「安易に高評価してはいけない危うい作品」愛の嵐 スクラさんの映画レビュー(感想・評価)
安易に高評価してはいけない危うい作品
1974年にイタリアで制作された映画。
倒錯した愛に溺れる男女が描かれていて、題材を無視すればストーリーは良い。ただ、取り上げられた題材、制作国を考慮すると素直にこの作品を人にオススメできないし、話題に出すのは危険な作品。
間違いなく今の世の中では制作できないし、仮に公開されたとしても非難の嵐になってしまうだろう。ホロコーストを扱い、ナチス側の人間とユダヤ人の恋愛をイタリア人が描いているからだ。
しかも、舞台はオーストリア、主人公の名前もドイツ的なので、加害者国の監督が自国は題材にしないでナチス側の人間ととユダヤ人との恋愛を描いたことになる。ついでに言うと男性側が女性に対して非人道的暴力をふるっている中で女性は愛に目覚めているので、まず今の世の中には受け入れられないだろう。
通常は愛情が芽生えない状況下での恋愛物語に観客は惹かれるのだろうか。公開当時はどんな声が上がったのか。
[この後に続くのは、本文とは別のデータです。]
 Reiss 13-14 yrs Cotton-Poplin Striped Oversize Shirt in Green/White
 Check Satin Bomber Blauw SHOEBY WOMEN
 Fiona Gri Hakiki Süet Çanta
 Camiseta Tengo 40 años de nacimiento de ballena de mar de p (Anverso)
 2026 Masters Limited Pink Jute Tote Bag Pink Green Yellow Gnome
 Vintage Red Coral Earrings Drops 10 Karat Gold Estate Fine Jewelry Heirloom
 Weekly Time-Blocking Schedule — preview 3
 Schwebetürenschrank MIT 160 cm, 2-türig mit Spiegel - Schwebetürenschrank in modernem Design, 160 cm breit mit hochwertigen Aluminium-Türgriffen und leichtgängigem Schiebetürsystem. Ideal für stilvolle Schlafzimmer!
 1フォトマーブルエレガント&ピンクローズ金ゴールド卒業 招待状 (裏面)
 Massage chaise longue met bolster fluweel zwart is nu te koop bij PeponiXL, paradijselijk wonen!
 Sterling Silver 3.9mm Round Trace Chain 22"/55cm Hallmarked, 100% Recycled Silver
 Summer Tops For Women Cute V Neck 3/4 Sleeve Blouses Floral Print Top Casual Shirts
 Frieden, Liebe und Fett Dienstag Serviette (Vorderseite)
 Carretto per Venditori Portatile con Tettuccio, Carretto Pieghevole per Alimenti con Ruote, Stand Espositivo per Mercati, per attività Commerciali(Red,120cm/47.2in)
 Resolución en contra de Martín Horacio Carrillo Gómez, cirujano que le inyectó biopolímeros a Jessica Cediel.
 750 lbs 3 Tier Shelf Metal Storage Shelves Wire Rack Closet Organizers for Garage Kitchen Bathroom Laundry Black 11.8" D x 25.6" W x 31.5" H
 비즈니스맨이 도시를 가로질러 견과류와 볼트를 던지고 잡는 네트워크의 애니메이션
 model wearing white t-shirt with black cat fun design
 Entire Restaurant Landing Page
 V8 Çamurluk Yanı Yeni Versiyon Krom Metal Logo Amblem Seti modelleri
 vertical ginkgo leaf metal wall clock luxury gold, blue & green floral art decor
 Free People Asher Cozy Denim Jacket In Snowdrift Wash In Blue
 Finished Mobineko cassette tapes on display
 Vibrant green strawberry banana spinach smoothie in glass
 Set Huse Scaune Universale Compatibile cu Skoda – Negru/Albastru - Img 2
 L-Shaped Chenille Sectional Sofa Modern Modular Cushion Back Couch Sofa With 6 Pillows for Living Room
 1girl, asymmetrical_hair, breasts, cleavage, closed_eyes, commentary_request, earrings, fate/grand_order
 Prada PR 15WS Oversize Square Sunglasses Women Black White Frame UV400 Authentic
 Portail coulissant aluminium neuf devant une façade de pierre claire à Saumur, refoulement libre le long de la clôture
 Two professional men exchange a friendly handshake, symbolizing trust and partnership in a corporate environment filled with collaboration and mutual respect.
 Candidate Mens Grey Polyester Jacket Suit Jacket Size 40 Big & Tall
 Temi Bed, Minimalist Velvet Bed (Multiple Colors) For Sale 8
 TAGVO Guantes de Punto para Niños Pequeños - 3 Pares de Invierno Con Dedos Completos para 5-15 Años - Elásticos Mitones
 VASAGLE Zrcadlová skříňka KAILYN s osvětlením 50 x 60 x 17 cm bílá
観ながらそんなことばかりを考えていた。
日本だと軽く取り上げられ、そしてたまにそれが問題になる「ナチズム」や「ヒトラー」。ドイツ研究をしている人によると、『帰ってきたヒトラー』や『ジョジョ・ラビット』などが公開されるようになったのは、時代の転機だそうだ。一昔前ならありえない、アンタッチャブルな領域。それがナチスだった。(それ故に最近はその動向を研究している人がいて、2019年には『ナチス映画論』が刊行されている。)
1975年に国内の雑誌の特集でこの映画がベストテンに選ばれたことも驚きの一つ。
ロミジュリぐらいの架空のお話だったら(かつ暴力シーンが無ければ)、
好きになれた映画だったけど、ここまで現実を扱ってしまうと好きにはなれなかった。ただ、考えさせられるという意味では一度観て良かったと感じている。
完全に同意です。
ネットではこれだけの問題作に対して「禁断の愛」で終わらせてしまう感想が多く見られるなか、唯一この作品の問題点を明確に捉えたご意見、全文に納得がありました。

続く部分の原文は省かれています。